Ukraina apeluje o 120 miliardów dolarów
Premier Ukrainy Denys Szmyhal podczas spotkania z ambasadorami w Kijowie 20 lipca 2025 roku ogłosił, że Ukraina potrzebuje w 2026 roku co najmniej 120 mld dolarów na obronność, z czego połowę mają sfinansować międzynarodowi partnerzy.
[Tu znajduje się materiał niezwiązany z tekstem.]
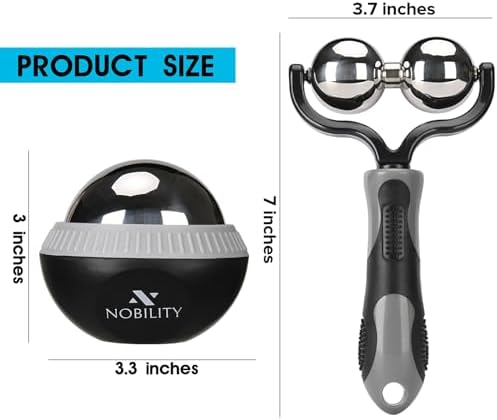 Nobility Massage Ball Roller– Ice Cold and Hot for Deep Tissue and Sore Muscle Relief of Stiffness and Stress, Body, Neck, Back, Foot, Plantar Double Grey - Image 3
Szmyhal zaproponował długoterminową współpracę, obejmującą:
- Licencje i technologie: Ukraina oferuje partnerom dostęp do swoich technologii obronnych, w tym produkcji dronów i systemów przeciwlotniczych.
- Spółki joint venture: Kijów zachęca do zakładania wspólnych przedsiębiorstw zbrojeniowych z krajami NATO, w tym w Polsce i Niemczech.
- Budowa zakładów zbrojeniowych: Ukraina proponuje tworzenie fabryk w krajach sojuszniczych, co ma przyspieszyć produkcję uzbrojenia i obniżyć koszty.
Szmyhal podkreślił, że do końca 2026 roku 50% uzbrojenia używanego na froncie powinno pochodzić z ukraińskiej produkcji, co ma zmniejszyć zależność od dostaw zagranicznych.
Szansa na rozmowy pokojowe?
Deklaracja Holandii i Niemiec zbiega się z planowanym na 23 lipca 2025 roku spotkaniem przedstawicieli Ukrainy i Rosji w Turcji, które ma dotyczyć m.in. wymiany jeńców. To pierwsze oficjalne rozmowy od czerwca 2025 roku, kiedy to negocjacje w Stambule, wspierane przez USA i sekretarza generalnego NATO Marka Rutte, nie przyniosły przełomu.
Rutte skrytykował wówczas Rosję za wysyłanie delegacji z historykiem Władimirem Medinskim, co uznał za brak powagi w negocjacjach. Prezydent Trump, który w lipcu 2025 roku dał Rosji 50 dni na osiągnięcie porozumienia, zagroził 100-procentowymi cłami na rosyjski import i sankcjami na partnerów handlowych Moskwy, jeśli rozmowy nie przyniosą rezultatów.